Comunidade brasileira

Como é um assunto polêmico porque envolve decisão pessoal, mas também importante e que impacta a vida de brasileiras e outras mulheres no geral, o Gazeta News pediu opinião de brasileiros atuantes da comunidade no estado sobre a decisão da Suprema Corte e a nova lei da Flórida.

“A reversão da lei baseada no caso Roe vs Wade serviu para mostrar a nós, mulheres, o quanto ainda somos muito frágeis. Do contrário, a sociedade estaria priorizando outras discussões em suas cortes. Se alguns (muitos) são realmente a favor da vida, por que escolheram desenterrar uma lei que foi aprovada há 49 anos ao invés de outra que foi aprovada recentemente e que liberou a venda indiscriminada de armas, as mesmas armas que agora são usadas por doentes mentais que matam crianças nas escolas?
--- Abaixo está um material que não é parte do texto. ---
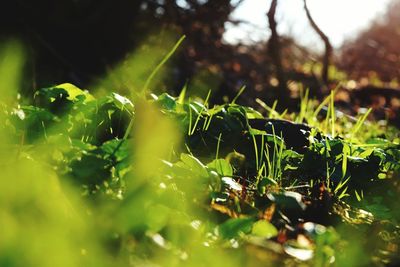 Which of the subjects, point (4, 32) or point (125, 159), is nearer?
point (125, 159)

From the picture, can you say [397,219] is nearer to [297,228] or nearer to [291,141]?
[297,228]

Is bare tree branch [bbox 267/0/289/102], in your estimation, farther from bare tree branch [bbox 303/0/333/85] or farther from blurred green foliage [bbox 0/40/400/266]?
blurred green foliage [bbox 0/40/400/266]

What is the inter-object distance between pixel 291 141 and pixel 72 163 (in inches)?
40.9

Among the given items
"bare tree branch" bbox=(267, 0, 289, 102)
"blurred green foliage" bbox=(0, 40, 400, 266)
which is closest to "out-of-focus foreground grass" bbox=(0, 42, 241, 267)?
"blurred green foliage" bbox=(0, 40, 400, 266)

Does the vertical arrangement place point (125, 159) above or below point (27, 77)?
above

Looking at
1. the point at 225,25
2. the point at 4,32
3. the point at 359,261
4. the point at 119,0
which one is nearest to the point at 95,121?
the point at 359,261

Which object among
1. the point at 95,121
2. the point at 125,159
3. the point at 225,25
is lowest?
the point at 225,25

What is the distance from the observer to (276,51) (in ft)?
11.8

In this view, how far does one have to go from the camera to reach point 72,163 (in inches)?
43.4

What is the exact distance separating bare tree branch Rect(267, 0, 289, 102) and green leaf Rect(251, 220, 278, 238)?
2.16 metres

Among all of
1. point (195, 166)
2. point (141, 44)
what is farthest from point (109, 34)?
point (195, 166)

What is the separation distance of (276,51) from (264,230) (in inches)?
108

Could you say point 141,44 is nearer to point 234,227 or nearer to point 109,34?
point 109,34

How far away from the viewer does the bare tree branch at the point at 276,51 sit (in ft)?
9.94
O futuro nos reserva surpresas ainda mais desagradáveis, já que o nosso ativismo se limita a escolher mandatários que apontam juízes que são aprovados por bancadas movidas apenas por dinheiro e poder”, salienta Vera Schäfer, diretora do Rotary Boca Raton West, BBG - Brazilian Business Group e da Fundação Vamos Falar Português, e fundadora do Brasileirinho.com.
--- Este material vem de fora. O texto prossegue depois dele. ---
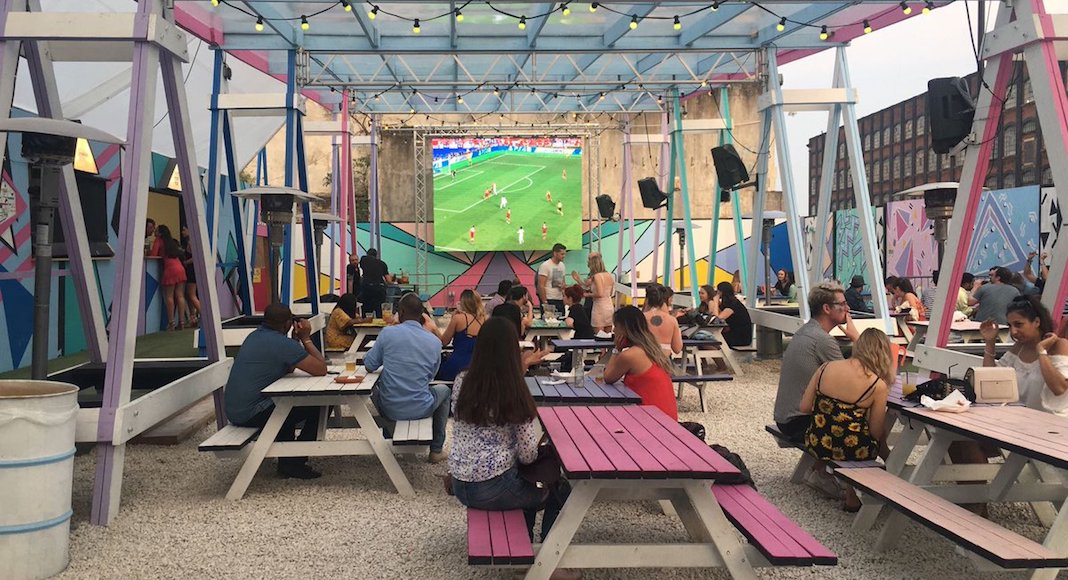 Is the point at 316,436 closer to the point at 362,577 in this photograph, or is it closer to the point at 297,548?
the point at 297,548

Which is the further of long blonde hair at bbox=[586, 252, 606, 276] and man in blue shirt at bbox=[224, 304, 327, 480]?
long blonde hair at bbox=[586, 252, 606, 276]

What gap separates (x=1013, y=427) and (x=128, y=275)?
4.15 metres

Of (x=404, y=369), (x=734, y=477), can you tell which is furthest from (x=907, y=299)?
(x=734, y=477)

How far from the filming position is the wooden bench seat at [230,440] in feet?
15.1

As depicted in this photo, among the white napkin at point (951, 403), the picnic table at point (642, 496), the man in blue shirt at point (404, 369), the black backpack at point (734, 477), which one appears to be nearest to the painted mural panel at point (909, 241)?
the white napkin at point (951, 403)

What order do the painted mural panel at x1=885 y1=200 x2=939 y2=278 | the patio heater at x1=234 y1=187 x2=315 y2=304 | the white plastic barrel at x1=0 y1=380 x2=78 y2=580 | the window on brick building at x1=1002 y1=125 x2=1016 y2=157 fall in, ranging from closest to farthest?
the white plastic barrel at x1=0 y1=380 x2=78 y2=580, the patio heater at x1=234 y1=187 x2=315 y2=304, the painted mural panel at x1=885 y1=200 x2=939 y2=278, the window on brick building at x1=1002 y1=125 x2=1016 y2=157

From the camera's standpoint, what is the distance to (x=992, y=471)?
4.42 metres

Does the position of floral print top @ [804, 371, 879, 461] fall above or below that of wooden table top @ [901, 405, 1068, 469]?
below

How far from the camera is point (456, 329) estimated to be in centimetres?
681

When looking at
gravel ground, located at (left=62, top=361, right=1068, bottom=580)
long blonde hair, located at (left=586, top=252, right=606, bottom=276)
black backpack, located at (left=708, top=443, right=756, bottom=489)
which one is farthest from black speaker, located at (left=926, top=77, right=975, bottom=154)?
long blonde hair, located at (left=586, top=252, right=606, bottom=276)

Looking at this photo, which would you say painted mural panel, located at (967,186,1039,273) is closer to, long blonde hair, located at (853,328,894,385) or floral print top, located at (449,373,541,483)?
long blonde hair, located at (853,328,894,385)

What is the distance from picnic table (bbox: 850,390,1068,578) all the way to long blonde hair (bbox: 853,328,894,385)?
0.50 feet

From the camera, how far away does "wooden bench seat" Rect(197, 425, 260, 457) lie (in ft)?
15.1

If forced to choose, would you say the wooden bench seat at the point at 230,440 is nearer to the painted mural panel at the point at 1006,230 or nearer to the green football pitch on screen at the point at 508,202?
the painted mural panel at the point at 1006,230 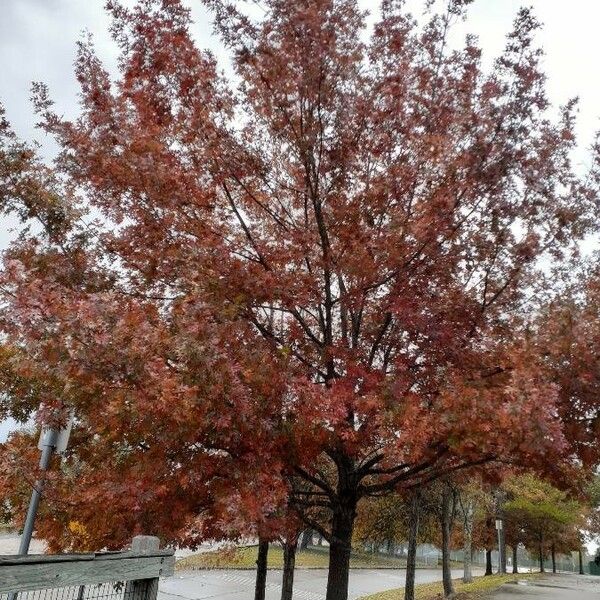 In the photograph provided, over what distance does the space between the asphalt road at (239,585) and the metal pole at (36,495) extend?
38.4 ft

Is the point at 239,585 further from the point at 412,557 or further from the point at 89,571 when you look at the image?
the point at 89,571

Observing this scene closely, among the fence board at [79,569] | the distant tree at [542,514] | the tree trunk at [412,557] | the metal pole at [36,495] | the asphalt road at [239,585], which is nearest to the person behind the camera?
the fence board at [79,569]

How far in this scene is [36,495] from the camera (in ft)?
18.3

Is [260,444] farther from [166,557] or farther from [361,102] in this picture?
[361,102]

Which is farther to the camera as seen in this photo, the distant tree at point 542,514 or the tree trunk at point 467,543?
the distant tree at point 542,514

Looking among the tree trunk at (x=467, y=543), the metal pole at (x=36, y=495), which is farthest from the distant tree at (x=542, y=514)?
the metal pole at (x=36, y=495)

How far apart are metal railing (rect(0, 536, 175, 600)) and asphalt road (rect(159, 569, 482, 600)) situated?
503 inches

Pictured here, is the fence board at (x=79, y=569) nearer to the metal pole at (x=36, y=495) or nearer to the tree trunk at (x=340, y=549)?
the metal pole at (x=36, y=495)

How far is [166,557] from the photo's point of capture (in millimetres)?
4895

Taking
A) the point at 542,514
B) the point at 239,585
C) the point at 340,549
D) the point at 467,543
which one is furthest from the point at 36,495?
the point at 542,514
“Eu acho essa nova lei uma derrota para todas as mulheres. Tenho minhas questões pessoais e profissionais contra ela, mas resumo da seguinte maneira: Como vão fazer as mulheres que descobrem com 20 semanas que o seu feto está malformado ou tem uma doença genética? Como vão reagir aquelas que são agredidas sexualmente, e depois do estupro descobrem que o estuprador a engravidou? Como vão fazer aquelas outras que finalmente decidiram deixar os seus companheiros abusivos, e agora descobriram que estão grávidas dele? Como vão reagir as adolescentes que estavam transando com seus namorados mas a camisinha rompeu, e agora ela não sabe se deve ser apenas uma adolescente ou uma mãe adolescente? Como fazem as outras mulheres que não podem física, emocional ou financeiramente terem mais um filho? Como faz a menina de 11 anos e sua família ao descobrirem que uma pessoa da família na qual ela confiava a engravidou? E por aí vai! Não sou pró-aborto, mas sou pró escolha e pró- vida. E principalmente a vida das mulheres, que são tão massacradas por essa cultura opressora machista”, ressalta a psicóloga Karina Chernacov.
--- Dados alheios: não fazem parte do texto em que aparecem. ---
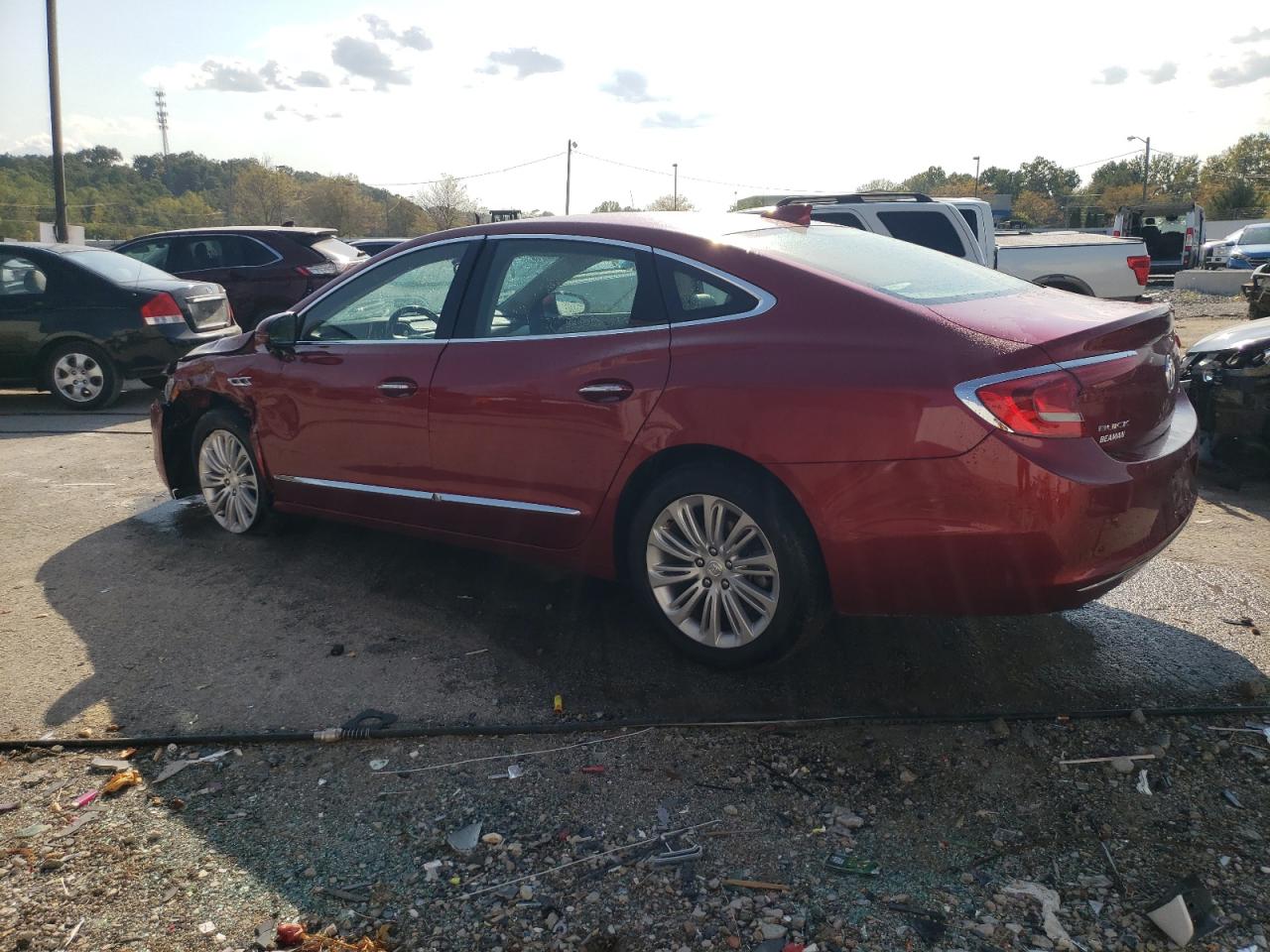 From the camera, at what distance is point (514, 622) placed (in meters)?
4.51

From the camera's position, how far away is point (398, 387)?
4.66 m

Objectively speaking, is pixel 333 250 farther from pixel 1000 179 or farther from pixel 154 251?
pixel 1000 179

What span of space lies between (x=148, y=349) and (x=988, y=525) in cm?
923

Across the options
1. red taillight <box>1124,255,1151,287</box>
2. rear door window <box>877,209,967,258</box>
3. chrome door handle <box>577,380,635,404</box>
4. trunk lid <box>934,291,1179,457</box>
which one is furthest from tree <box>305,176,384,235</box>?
trunk lid <box>934,291,1179,457</box>

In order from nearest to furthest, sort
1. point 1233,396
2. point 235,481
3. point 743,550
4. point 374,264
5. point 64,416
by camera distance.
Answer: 1. point 743,550
2. point 374,264
3. point 235,481
4. point 1233,396
5. point 64,416

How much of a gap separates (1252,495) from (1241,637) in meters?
2.58

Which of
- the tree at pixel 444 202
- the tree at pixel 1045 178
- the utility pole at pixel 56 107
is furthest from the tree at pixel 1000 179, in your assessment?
the utility pole at pixel 56 107

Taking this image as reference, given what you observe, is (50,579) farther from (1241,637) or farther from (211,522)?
(1241,637)

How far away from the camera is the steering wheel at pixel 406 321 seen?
4.68 metres

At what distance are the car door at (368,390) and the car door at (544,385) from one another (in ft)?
0.49

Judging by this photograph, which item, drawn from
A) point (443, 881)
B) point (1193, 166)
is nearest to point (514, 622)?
point (443, 881)

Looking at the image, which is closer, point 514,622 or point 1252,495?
point 514,622

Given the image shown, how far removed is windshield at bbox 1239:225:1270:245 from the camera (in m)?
28.3

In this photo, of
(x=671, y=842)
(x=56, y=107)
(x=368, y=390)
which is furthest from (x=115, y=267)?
(x=56, y=107) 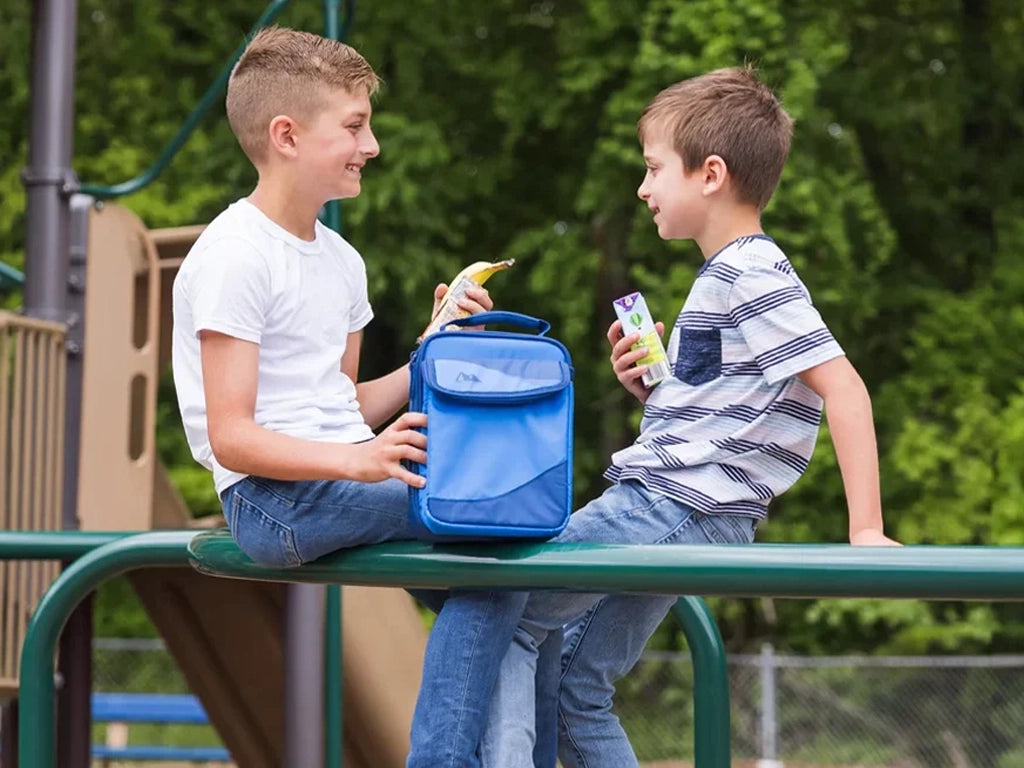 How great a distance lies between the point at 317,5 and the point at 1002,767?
8.36m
“Vivemos a era da informação e do acesso ao conhecimento científico. A consequência natural é repensarmos muitos conceitos, um deles é o conceito de ser vivente. Quando é que estabelecemos que dentro do útero a vida se inicia? A nova Lei, que proíbe o aborto na Flórida após 15 semanas é um ato a favor da vida em formação, protege o direito à vida e possibilita esse novo ser vivente ter o direito a sua própria existência. Na Flórida, não foram abertas muitas exceções, permanecendo duas, no caso de risco à vida da mãe ou no caso de a criança estar com o risco de uma doença fatal. Deixando de fora o direito ao aborto por gestações que ocorreram por abuso sexual. A nova Lei não é um retrocesso aos Direitos da Mulher, a Lei tira das mãos das pessoas o poder de decisão de quem mereça viver ou não. Estabelece o maior direito que todos nós possuímos, o Direito à Vida. A lei julga a favor da vida dessa criança que dentro do útero, possui o direito de se defender, mas não tem sua voz ouvida, a lei lhe assegura esse direito, o direito de nascer”, opina Naides Brum, Conselheira da organização cristã sem fins lucrativos House of Protection e diretora do programa de atendimento emocional a falantes de Língua Portuguesa no Sul da Flórida.